Answer: Amended in new lines 119-121: “On average, 6 ng of cfDNA can be isolated for each mL of plasma, of which a very low percentage or not at all is derived from cancer cells”

 

And lines 351-359: “In the CC context, the HPV-ctDNA isolation and detection could be coupled with the standard Pap smear test when a large amount of evidence exists and may support its accuracy and validity, giving a chance to provide insights on the lesion stage and a better follow up. Furthermore, the probable use of non-invasive blood sample to use as LBs for isolating HPV-ctDNA may offer a possibility to expand the screening also to developing countries, even though coming with some limitations. As mentioned also before, ear-ly-stage CC could result as a false-negative due to the low fractions of viral ctDNA [80,83], while this method would be extremely helpful in detecting locally advanced CC [80,82,83].”

 

These remarks relate to the discussion on the diagnostic value of circulating cell-free DNA at early cervical cancer detection.

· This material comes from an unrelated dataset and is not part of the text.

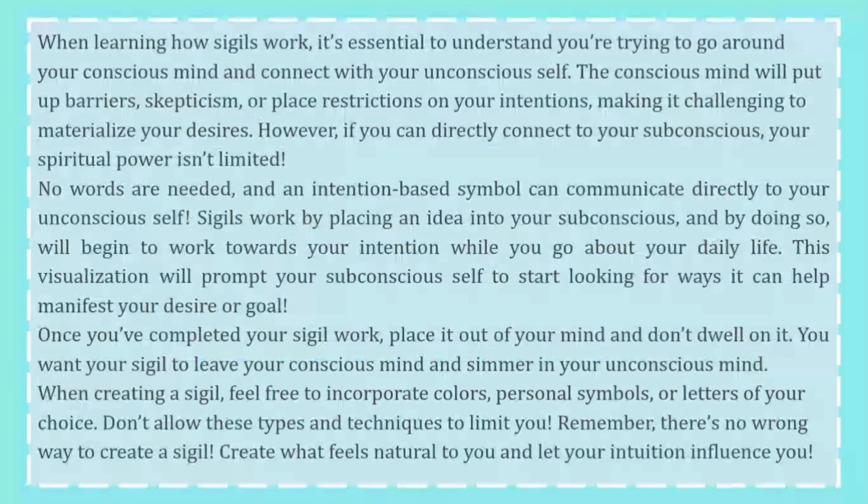Once you've completed your sigil work, put it out of your mind and don't dwell on it. You want your sigil to leave your conscious mind and simmer in your unconscious mind. When creating a sigil, feel free to incorporate colors, personal symbols, or letters of your choice. Don't allow these types and techniques to limit you. Remember, there's no wrong way to create a sigil. Create what feels natural to you and let your intuition influence you.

Regarding the establishment of tumor burden, personalized monitoring of patient response to anticancer therapy and early relapse or recurrence prediction, the results obtained in recent years are indeed promising. In general, the manuscript is written in clear language, although it contains some easily removable typos like ‘proxstate’ (line 294) and stylistic errors.

 

The review can be published provided some revision of the discussion.